The Twists and Turns in the Euro
We seem to have this peculiar tendency to associate positive feelings with rising prices and negative feelings with falling prices. When it comes to the Euro (along with many other things), this way of viewing prices can be rather misleading. Here, I get to grips with the Euro and the mechanics behind its peculiar twists and turns.
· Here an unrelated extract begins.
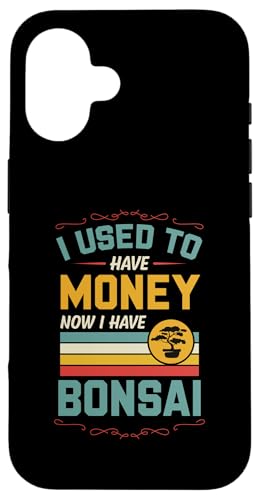 Früher hatte ich Geld, jetzt habe ich Bonsai Hülle für iPhone 16 Früher hatte ich Geld, jetzt habe ich Bonsai Hülle für iPhone 16 von Buddhist Zen Garden Outdoor Bonsai Tree Art Merch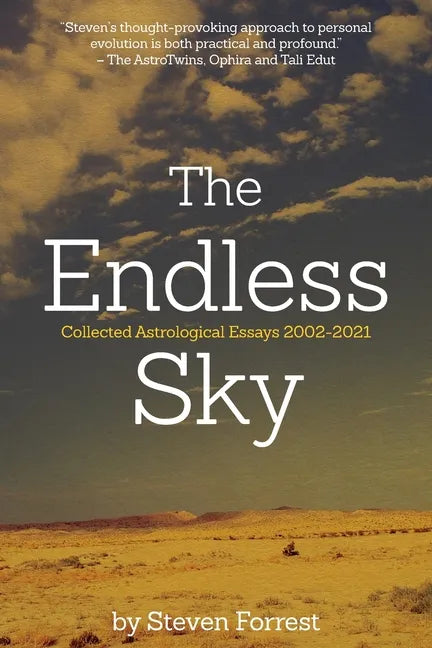 The Endless Sky: Collected Astrological Essays 2002-2021 - Paperback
A Swollen Supply of IOU Claims on Euro Notes & A Relatively ‘Inflexible’ Euro Note:
I often say here on greshams-law.com that money is to profit-seeking individuals as the sea is to fish. Money trades on one side of every transaction in an economy, and so monetary matters have a tendency to affect all walks of life in some way or the other. In the Euro Area (as with the entire developed world), the propensity for the ‘private sector’ to produce IOU claims upon Euro banknotes (i.e. demand deposits) reached a peak in 2007/2008. With it, reached a peak in economic misallocation as described by the Austrian Business Cycle Theory and a realization that the European banking system was insolvent or at least perilously close to insolvency.
To be sure, the same kind of thing happened – essentially – worldwide, and so begun a trend toward a declining stock of ‘IOU money’ (i.e. demand deposits). The US and the UK dealt with this scenario in a way that was distinctly reality-denying. That is, they debauched their respective central bank notes (Federal Reserve notes & Sterling notes) in order to reduce the stresses upon those institutions that owned things and owed those notes (most notably their respective banking systems).
On the other hand, the Euro – as it is often said – is more like a gold standard. What is meant by this is that Euro notes (and reserve balances) are more ‘stationary’ in value. Whereas the Federal Reserve made Federal Reserve notes (& Fed Balances) ‘good for’ MBSs to alleviate the stresses on supposedly ‘systemic’ MBS holders, the Euro stayed (relatively) similar to what it was before. Hence, the burdens upon the Euro Area banking sector remained high, whereas the burdens upon other banking systems were alleviated somewhat.
The Implications for Existing ‘IOU Euros’:
Of course, this scenario has not been very comfortable for the holders of Euro Liabilities (namely the Euro Area banking system). Whereas their American and English counterparts were granted the gift of a Zombie-like existence, they were not (to the same degree).
This has two important implications:
- The viability of a great proportion of the stock of ‘IOU Euros’ has come and is coming into question.
- The stock of Euro Banknotes & Reserve Balances remains (relatively) intact.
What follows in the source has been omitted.